I'm a warm blooded creature, raised mostly in Paris (France) but my background's so chaotic I consider myself a vampire's cocktail.
Also, my brain and heart are highly inflammable.
Moved here because it would've just been so predictable to stay where my MD was worth something. Plus didn't feel I needed to wait till retirement to live where I want to.
I really like trying to "get" a completely different psychological wiring then mine. That's the white thread between theater, psychiatry, languages and travelling. And that probably comes from my teenage search for my "essence", the kern that wouldn't change had everything else been different.
Friendship is my religion. Is there anything as beautiful as the lengths we'll go to bridge our differences with someone we care about?
With the people I care about, I like intimacy and being able to talk things through anything (that's what happens in those parisian cafés where people talk for hours on end).
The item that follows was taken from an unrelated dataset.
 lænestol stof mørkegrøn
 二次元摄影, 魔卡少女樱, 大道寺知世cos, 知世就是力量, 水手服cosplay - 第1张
Not that I enjoy intense dark conversations, it just makes sharing anything more enjoyable.
My standards for humans are very high, and those for my close friends even higher. (Naturally, I'm even tougher on myself).
I really try to be as considerate & consistant with my values as possible, and to decide/vote independantly of my own interest.
I try to give add a lil magic to other people's life everytime I can, and to pave my beloved ones with enchantment and beauty.
I chose psychiatry because there's a lot to be done, because happiness is imho a legitimate goal in life, and because I genuinely think the happier we are the better we are to our piers (that's my shot at making the world better and possibly curing/preventing EVIL).
I'm catwoman and I do my own stunts. It's actually quite easy to be autonomous and self sufficient.
But I like sharing and am known for taking risks.
So take my hand and jump, will you?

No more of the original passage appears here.